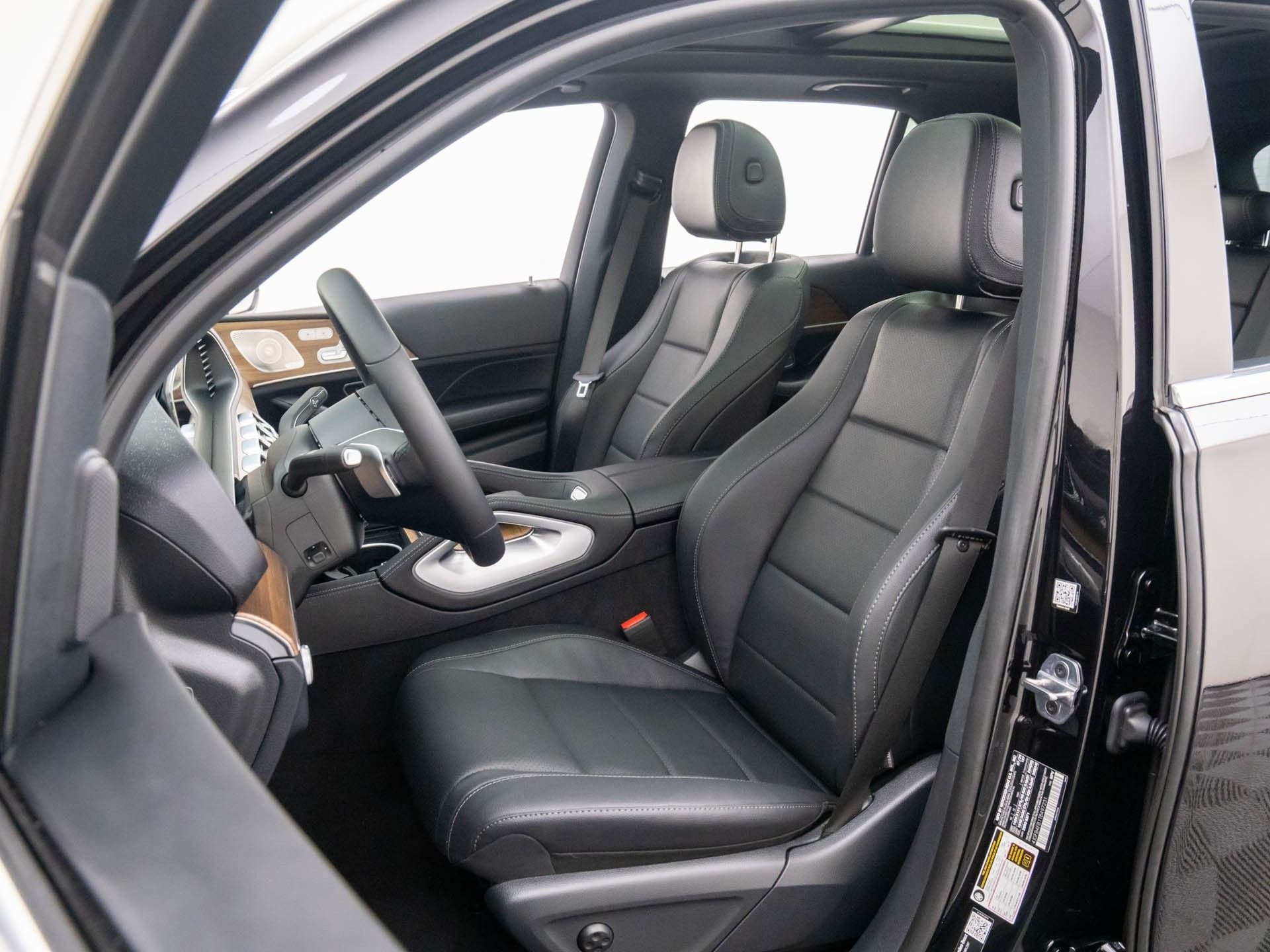 New 2026 Obsidian Black Metallic Mercedes-Benz GLE 350 image 15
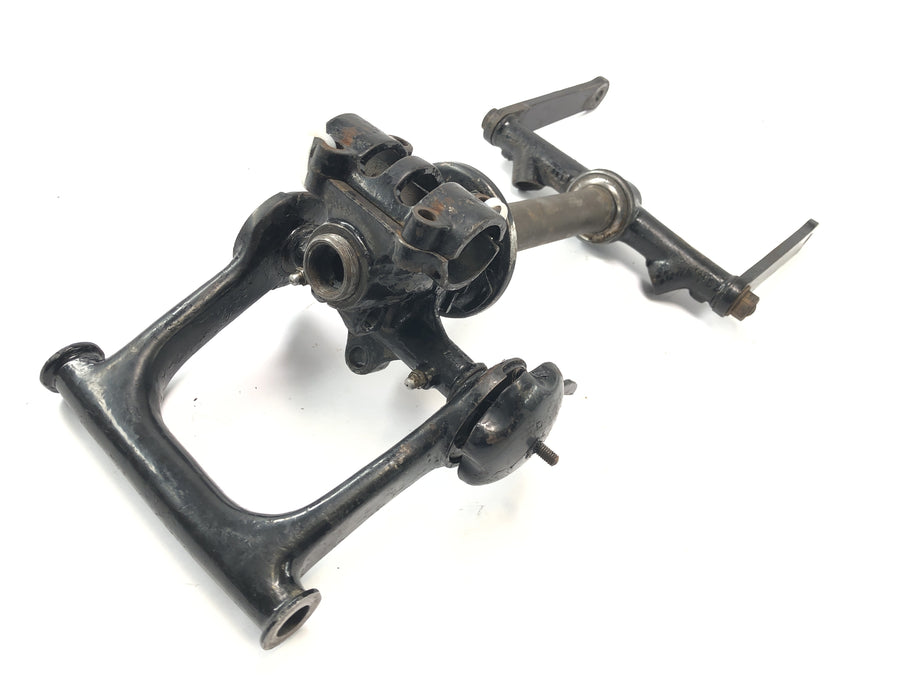 DKW NZ 250 [1938] - Svorky přední vidlice vpředu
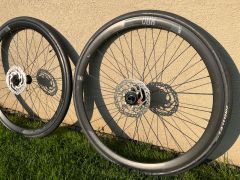 Nové-Fulcrum Racing 800 DB / Pirelli P7 Sport 28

**PROBLEM TO WORK ON**
The lines to write out run from the one containing "DKW NZ 250 [1938]" through the final line of the material above, both included; write them out exactly, with no pictures.

**RESULT**
 DKW NZ 250 [1938] - Svorky přední vidlice vpředu
 Nové-Fulcrum Racing 800 DB / Pirelli P7 Sport 28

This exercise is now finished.